Leave out the images and return all the data word for word.

* _Input data_:
------------------------------
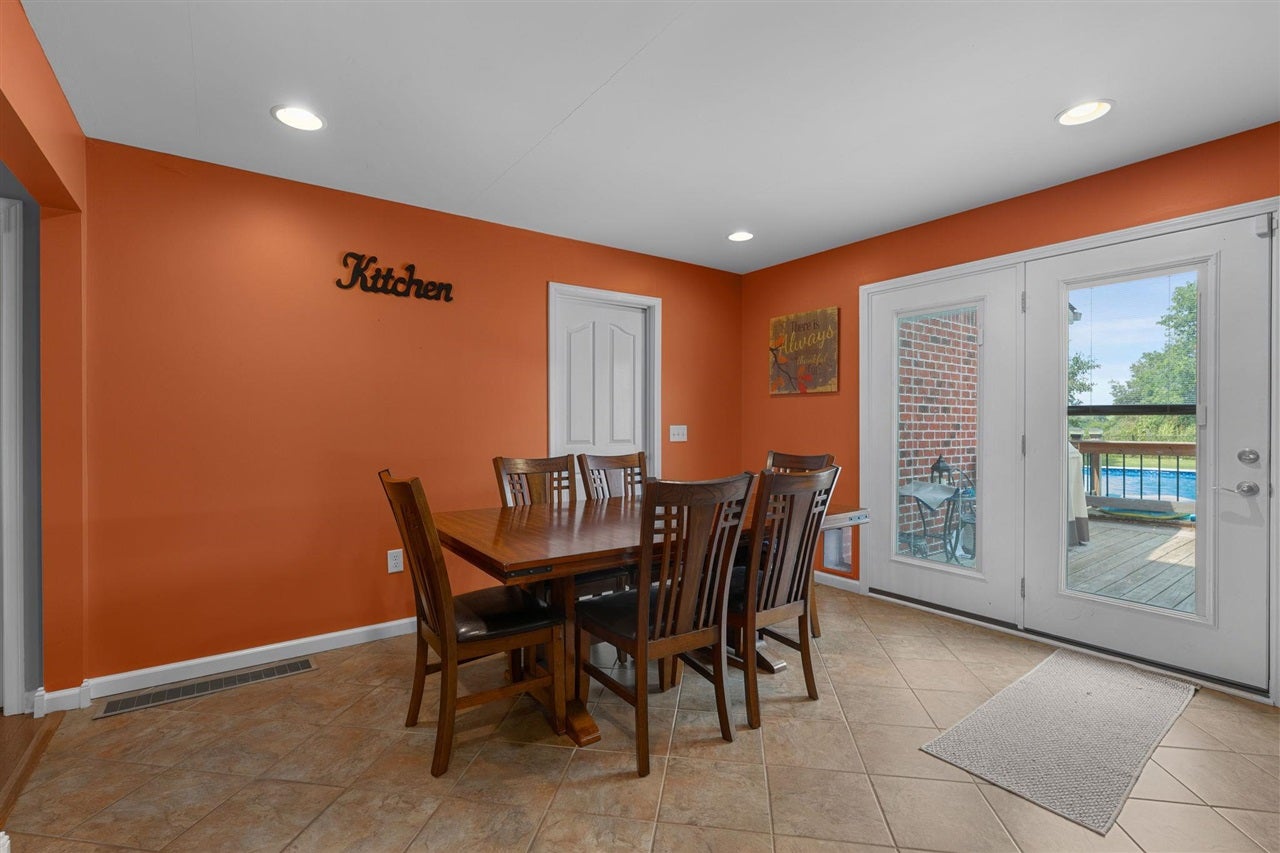 328 Peterson Road Cave City, KY 42127 - Photo 8 of 38 Gallery Image 8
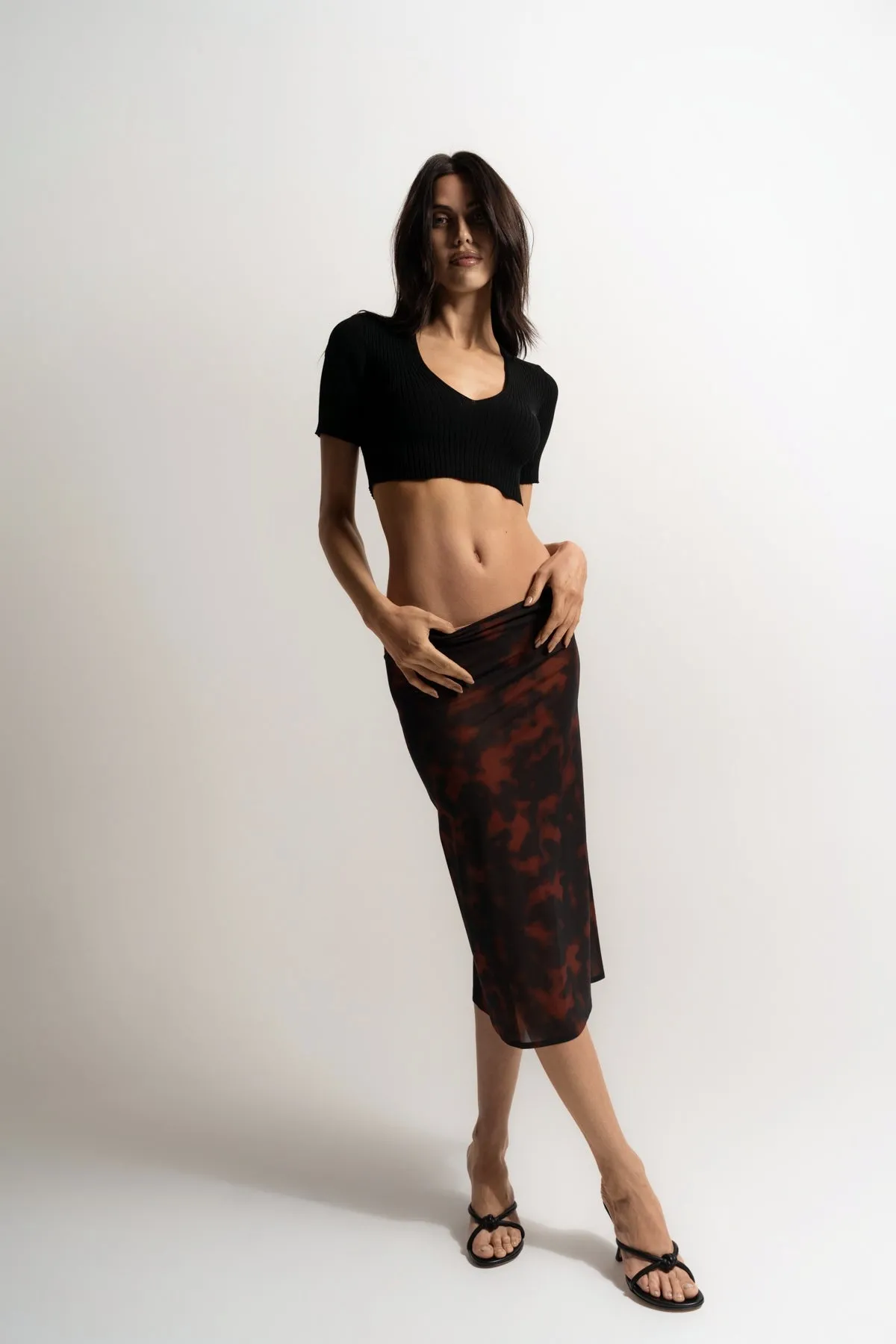 COURRÈGES | V NECK RIB KNIT CROPPED SWEATER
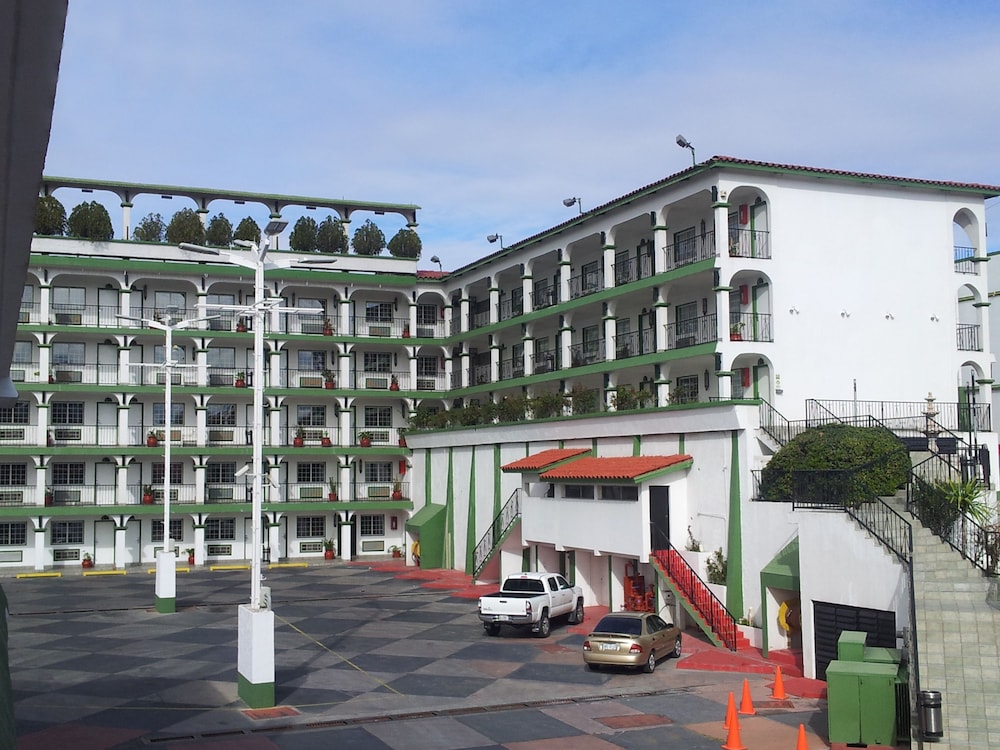 Hotel Marques de Cima 65/69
------------------------------
* _Answer space_:
 328 Peterson Road Cave City, KY 42127 - Photo 8 of 38 Gallery Image 8
 COURRÈGES | V NECK RIB KNIT CROPPED SWEATER
 Hotel Marques de Cima 65/69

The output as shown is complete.